▶ **Problem statement**: Whatever pictures appear, omit them, and repeat the data below exactly.

▶ **Data provided**:
↓

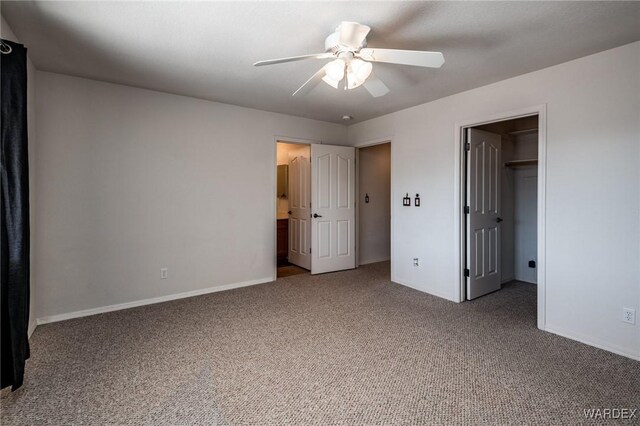 unfurnished bedroom with carpet, a spacious closet, baseboards, and a ceiling fan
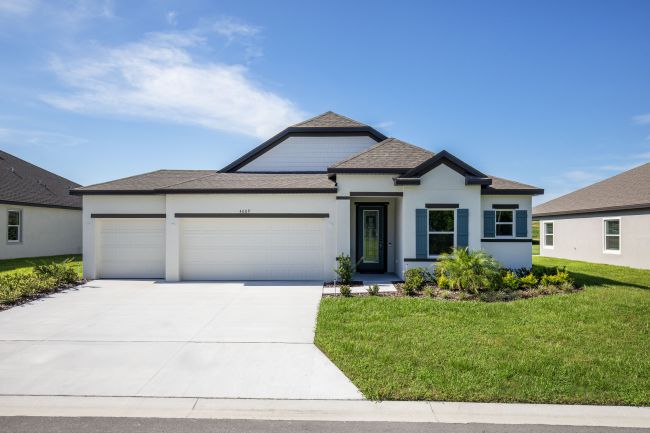 Modern single-story house with a three-car garage, manicured lawn, and blue sky background.
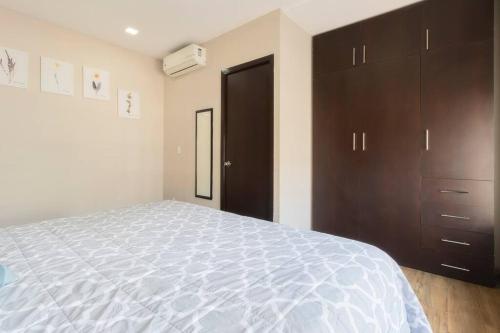 a bedroom with a large bed and wooden cabinets at 501 Zocalo 3Bdrm 2bath Rooftop in Mexico City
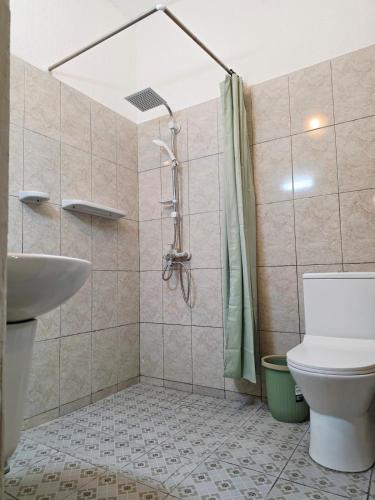 a bathroom with a toilet and a shower and a sink at Little Heaven Villa in Lomé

↑

▶ **Output**:
 unfurnished bedroom with carpet, a spacious closet, baseboards, and a ceiling fan
 Modern single-story house with a three-car garage, manicured lawn, and blue sky background.
 a bedroom with a large bed and wooden cabinets at 501 Zocalo 3Bdrm 2bath Rooftop in Mexico City
 a bathroom with a toilet and a shower and a sink at Little Heaven Villa in Lomé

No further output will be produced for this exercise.